• ASSIGNMENT: With the line containing "Andrew Christian Briefs" as the first line and the last line of the records as the final one, reproduce that range exactly.

• DATA SUPPLIED:
··········

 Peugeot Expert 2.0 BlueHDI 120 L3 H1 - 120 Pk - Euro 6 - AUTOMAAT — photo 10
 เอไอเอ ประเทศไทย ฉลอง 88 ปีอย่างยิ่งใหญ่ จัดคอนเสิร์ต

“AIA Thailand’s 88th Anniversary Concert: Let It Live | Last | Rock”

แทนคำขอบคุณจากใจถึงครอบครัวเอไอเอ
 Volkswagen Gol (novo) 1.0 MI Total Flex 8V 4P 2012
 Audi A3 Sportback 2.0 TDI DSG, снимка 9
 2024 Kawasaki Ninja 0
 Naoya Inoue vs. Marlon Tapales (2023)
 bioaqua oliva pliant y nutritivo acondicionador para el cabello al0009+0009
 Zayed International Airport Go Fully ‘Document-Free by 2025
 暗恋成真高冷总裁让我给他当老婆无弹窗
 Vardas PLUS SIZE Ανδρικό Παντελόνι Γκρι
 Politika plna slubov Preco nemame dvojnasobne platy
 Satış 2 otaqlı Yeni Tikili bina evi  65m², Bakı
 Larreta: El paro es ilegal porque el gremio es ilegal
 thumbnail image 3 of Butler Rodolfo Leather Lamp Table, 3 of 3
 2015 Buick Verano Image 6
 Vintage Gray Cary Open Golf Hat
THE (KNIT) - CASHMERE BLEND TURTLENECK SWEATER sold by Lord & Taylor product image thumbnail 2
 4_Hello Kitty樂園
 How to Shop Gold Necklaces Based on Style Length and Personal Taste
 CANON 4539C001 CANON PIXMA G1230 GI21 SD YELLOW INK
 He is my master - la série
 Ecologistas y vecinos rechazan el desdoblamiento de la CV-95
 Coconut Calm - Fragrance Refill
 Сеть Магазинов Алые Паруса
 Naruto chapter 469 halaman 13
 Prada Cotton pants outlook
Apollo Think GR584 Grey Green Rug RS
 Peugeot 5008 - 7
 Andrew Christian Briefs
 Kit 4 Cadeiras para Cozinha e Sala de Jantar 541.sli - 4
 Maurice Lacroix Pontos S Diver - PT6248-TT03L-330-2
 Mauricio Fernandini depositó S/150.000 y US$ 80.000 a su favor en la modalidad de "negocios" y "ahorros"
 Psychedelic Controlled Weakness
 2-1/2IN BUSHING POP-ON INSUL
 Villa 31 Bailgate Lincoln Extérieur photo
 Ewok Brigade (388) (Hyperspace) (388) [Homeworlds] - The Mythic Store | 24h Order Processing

··········

• RESPONSE AREA:
 Andrew Christian Briefs
 Kit 4 Cadeiras para Cozinha e Sala de Jantar 541.sli - 4
 Maurice Lacroix Pontos S Diver - PT6248-TT03L-330-2
 Mauricio Fernandini depositó S/150.000 y US$ 80.000 a su favor en la modalidad de "negocios" y "ahorros"
 Psychedelic Controlled Weakness
 2-1/2IN BUSHING POP-ON INSUL
 Villa 31 Bailgate Lincoln Extérieur photo
 Ewok Brigade (388) (Hyperspace) (388) [Homeworlds] - The Mythic Store | 24h Order Processing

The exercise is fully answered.